Es ist eine Warnung vor dem, was zur gleichen Zeit in der Magdeburger Innenstadt stattfindet: ein rechter Aufmarsch mit 2100 Teilnehmer*innen. Schon ab Freitagnacht wurde in rechten Social-Media-Gruppen zu der Demonstration mobilisiert. Auffällig hierbei, die Initiative kam aus Neonazikreisen, aufgegriffen wurde sie aber auch aus dem AfD-Umfeld. Der Verein »Ein Prozent« teilte die Mobilisierungsgrafik genauso wie Benedikt Kaiser, der als Vordenker der Neuen Rechten gilt und für den AfD-Bundestagsabgeordneten Jürgen Pohl arbeitet.
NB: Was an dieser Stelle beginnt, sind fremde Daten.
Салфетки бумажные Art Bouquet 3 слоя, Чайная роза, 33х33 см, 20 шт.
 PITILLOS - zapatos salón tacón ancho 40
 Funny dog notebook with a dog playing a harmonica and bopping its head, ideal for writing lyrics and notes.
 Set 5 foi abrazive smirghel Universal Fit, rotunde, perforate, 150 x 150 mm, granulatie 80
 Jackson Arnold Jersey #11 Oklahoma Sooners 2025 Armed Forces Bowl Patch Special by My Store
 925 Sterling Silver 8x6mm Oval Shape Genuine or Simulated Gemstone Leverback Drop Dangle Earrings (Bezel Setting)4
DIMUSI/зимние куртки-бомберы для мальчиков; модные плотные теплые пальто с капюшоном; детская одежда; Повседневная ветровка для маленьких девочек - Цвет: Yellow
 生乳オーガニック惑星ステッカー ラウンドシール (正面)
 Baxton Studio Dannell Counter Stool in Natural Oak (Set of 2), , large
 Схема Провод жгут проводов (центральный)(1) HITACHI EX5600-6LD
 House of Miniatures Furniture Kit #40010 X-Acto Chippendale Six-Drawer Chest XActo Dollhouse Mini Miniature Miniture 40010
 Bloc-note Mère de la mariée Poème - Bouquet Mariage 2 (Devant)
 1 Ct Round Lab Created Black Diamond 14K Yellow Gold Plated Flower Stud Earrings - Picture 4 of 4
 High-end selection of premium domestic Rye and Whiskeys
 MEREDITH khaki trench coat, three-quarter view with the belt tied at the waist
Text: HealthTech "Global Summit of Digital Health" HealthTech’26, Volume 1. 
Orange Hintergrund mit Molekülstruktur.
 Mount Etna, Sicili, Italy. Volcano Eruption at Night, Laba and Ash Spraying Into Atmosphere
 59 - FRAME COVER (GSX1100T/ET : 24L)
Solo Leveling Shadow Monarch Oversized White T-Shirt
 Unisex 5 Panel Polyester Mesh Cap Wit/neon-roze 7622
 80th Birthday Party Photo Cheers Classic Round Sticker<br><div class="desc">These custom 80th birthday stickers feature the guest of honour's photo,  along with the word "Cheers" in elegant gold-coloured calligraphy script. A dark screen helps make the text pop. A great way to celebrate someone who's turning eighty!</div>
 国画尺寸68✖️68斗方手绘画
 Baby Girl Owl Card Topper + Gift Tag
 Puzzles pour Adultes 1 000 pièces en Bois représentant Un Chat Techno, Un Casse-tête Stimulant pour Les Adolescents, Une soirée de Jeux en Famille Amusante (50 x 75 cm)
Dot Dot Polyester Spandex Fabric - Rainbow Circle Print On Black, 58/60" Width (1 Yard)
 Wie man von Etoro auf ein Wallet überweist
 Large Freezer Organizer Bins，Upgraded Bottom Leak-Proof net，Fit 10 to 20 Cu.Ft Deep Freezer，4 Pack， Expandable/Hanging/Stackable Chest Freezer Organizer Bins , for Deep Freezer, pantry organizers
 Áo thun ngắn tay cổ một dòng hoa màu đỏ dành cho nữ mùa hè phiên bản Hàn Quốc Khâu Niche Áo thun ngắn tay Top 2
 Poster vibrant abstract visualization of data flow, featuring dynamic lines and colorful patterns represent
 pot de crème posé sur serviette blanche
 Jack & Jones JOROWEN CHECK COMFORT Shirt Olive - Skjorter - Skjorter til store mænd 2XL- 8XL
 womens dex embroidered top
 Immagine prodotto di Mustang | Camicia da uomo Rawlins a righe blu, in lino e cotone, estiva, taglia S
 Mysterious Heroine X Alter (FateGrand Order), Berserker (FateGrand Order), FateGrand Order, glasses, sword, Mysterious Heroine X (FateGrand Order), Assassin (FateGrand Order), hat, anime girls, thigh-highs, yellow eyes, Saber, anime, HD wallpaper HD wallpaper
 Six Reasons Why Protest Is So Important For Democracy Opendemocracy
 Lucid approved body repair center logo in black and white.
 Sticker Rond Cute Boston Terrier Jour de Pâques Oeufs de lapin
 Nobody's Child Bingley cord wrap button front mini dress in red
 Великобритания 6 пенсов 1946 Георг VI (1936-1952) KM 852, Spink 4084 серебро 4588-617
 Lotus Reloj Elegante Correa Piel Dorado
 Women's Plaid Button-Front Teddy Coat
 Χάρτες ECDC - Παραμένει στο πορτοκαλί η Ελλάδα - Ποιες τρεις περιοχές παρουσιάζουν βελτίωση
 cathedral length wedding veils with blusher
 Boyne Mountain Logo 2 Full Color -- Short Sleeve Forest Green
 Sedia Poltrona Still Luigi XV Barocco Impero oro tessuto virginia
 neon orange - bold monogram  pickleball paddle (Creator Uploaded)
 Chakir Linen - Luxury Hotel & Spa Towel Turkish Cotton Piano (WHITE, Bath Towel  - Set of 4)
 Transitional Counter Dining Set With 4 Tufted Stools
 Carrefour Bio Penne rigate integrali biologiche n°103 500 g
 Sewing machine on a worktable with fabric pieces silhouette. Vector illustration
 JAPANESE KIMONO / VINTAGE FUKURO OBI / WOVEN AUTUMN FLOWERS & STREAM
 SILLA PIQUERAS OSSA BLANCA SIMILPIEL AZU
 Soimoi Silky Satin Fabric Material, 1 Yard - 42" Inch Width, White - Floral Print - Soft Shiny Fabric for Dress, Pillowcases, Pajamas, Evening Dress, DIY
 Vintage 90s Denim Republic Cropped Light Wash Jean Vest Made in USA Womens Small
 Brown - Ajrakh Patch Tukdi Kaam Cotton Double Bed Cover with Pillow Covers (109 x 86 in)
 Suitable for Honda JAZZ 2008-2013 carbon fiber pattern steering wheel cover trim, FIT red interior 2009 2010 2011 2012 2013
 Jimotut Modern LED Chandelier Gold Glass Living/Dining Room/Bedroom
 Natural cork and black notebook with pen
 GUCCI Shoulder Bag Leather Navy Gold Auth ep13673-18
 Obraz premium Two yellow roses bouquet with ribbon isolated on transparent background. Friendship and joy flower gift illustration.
Am Samstagabend auf der Straße dominierte dann die Neonaziszene. Anmelder des Aufmarschs war Alexander Deptolla, der über Jahrzehnte zum Kern der Dortmunder Nazis gehörte, mittlerweile aber in Halberstadt lebt. Die Reden der Rechten machten klar, worum es ihnen ging. Dass Taleb A. mit rechten Islamkritiker*innen und der AfD sympathisiert – völlig egal! Der Vorsitzende der Heimat (früher NPD) erklärte, das »Grundproblem« sei, dass »Menschen, die aus einer fremden Kultur stammen und einer fremden Art angehören« nach Deutschland kommen. Völkischer Rassismus pur! Andere Redner wie Thorsten Heise verwendeten außerdem offene Anspielungen auf den Nationalsozialismus. Auf ein »Deutschland, erwache endlich aus deinem bösen Traum« antwortete die Menge mit einem »Deutschland, erwache!« Die NS-Parole, vermummte Teilnehmer*innen und Übergriffe auf Journalist*innen waren Begleiterscheinungen des Aufmarschs. Die Magdeburger Polizei bilanziert, dass es »vereinzelt zu kleineren Störungen mit einfachen körperlichen Auseinandersetzungen« kam. Ansonsten keine Vorkommnisse.

Waren bei dem Neonaziaufmarsch am Samstagabend nur vereinzelt Symbole der AfD zu sehen, wird dies am Montagabend anders sein. Die AfD lädt zur Großkundgebung mit anschließendem Trauermarsch. Neben zahlreichen Landespolitikern soll auch die AfD-Vorsitzende und Spitzenkandidatin Alice Weidel in Magdeburg reden. Taleb A. hatte im Netz seine Sympathie für Weidel und die AfD kundgetan. Eine große Rolle wird das am Montag wohl nicht spielen. Bei Politiker*innen der AfD ist eine Mehrheit bei der alten NPD-Parole »Migration tötet!« angekommen. Motive und Hintergründe spielen da kaum noch eine Rolle, nur dass der Täter kein Deutscher war.